Attorneys representing 120 plaintiffs whose New Jersey homes burned to the ground during a freak Superstorm Sandy fire have filed a lawsuit, accusing the electric company of negligence when it failed to cut off power despite rising seawater levels.
About 150 homes in the Breezy Point and Rockaway Beach regions were gutted in the October blaze that erupted as hurricane level rains pounded the East Coast.
Fire investigators found the fire was sparked after ocean water came into contact with the homes' electrical systems — and the attorneys are arguing that the blaze could have been prevented if the utility company had taken proper storm precautions and killed the power, NBC reported.

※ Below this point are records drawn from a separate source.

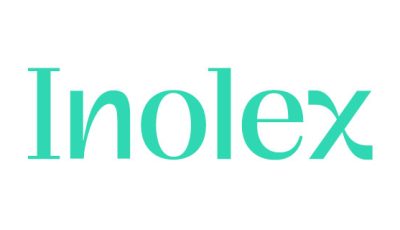 logo vector Inolex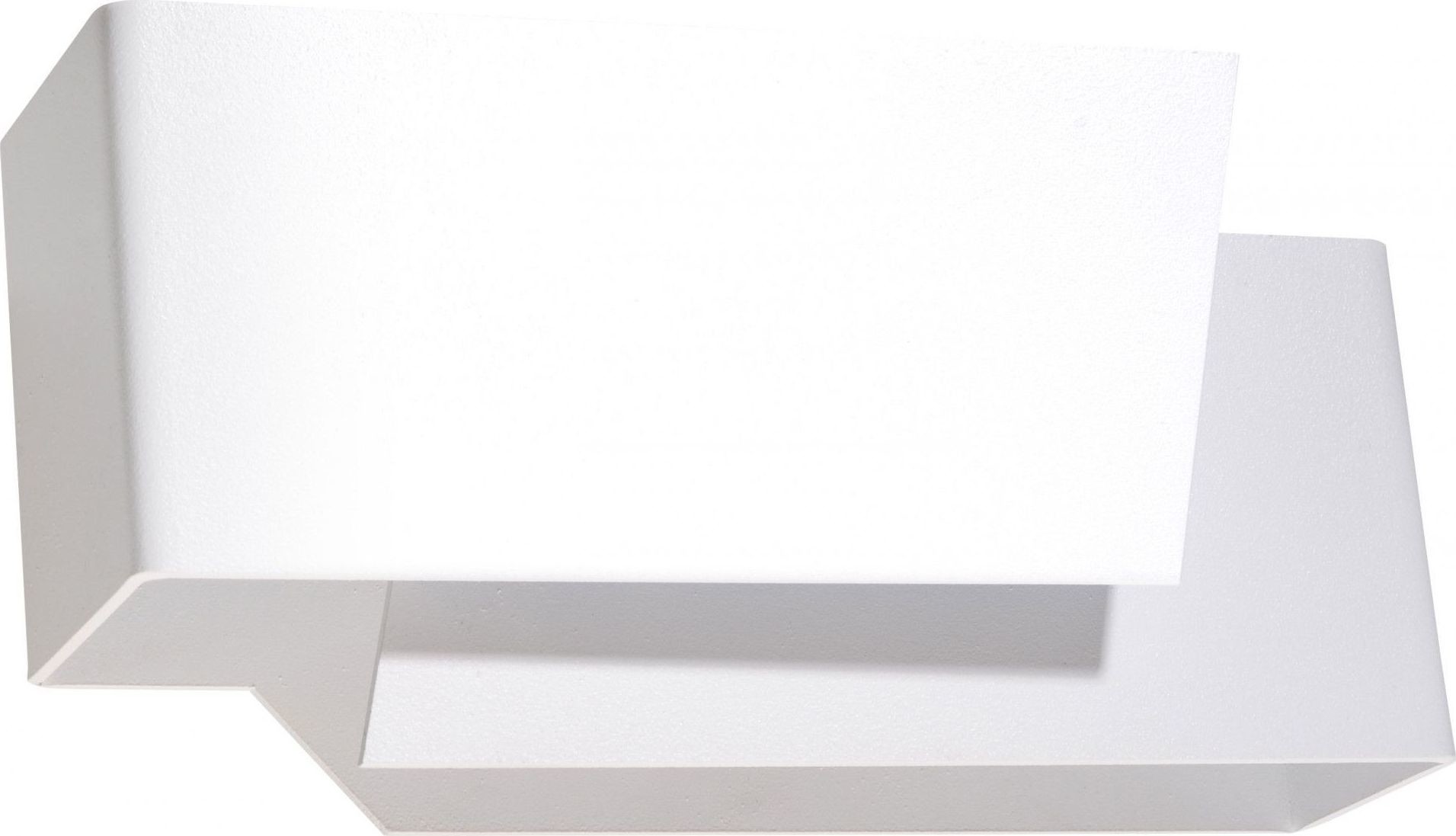 Minimalistyczny kinkiet E743 C3-L17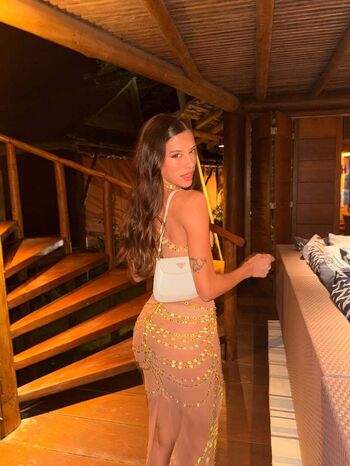 Full leaked Dana cabrera private onlyfans photo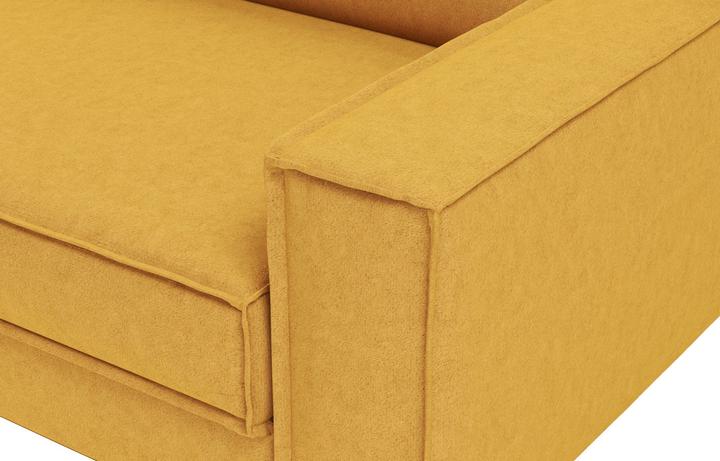 Produktbild Atelier del Sofa Sparrow 1-Seat Sofa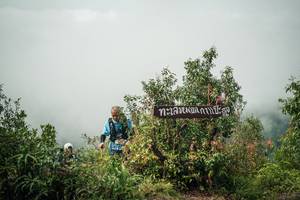 BIB: 
                            <button type="button" onclick="openModal(26334122)" class="btn btn-primary btn-sm float-right btn-popup" data-toggle="modal" data-target=".modal-high-quality">
                        <i class="fas fa-shopping-cart"></i> Add to Cart
                    </button>
                                            <button type="button" onclick="isThisMe(26334122, true)" class="btn btn-success btn-sm float-right btn-popup btn-isme hidden" data-toggle="tooltip" data-placement="bottom" title="นี่คือรูปของคุณใช่ไหม คลิกที่นี่เพื่อเอาเข้าอัลบั้ม">
                        <i class="fas fa-plus"></i> Add to album
                    </button>
                    <button type="button" onclick="isThisMe(26334122, false)" class="btn btn-warning btn-sm float-right btn-popup btn-isnotme hidden">
                        <i class="fas fa-ban"></i> Remove from album
                    </button>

"Had [Long Island Power Authority' and National Grid] acted responsibly in preparing for the storm, my clients would be living in their homes with all of their life's possessions, and these two communities would not look like a war zone," said Keith Sullivan, one of the attorneys for the homeowners, in an NBC report.
The suit was filed in a Queens, N.Y., court. Mr. Sullivan estimated the damage from the fire cost homeowners about $80 million, NBC said. The suit doesn't specify the exact damages, however.
"Electricity and salt water is a deadly combination," he said, NBC reported. "We would have thought the power companies knew this already."
A spokesman for LIPA said the claims had no merit, NBC said.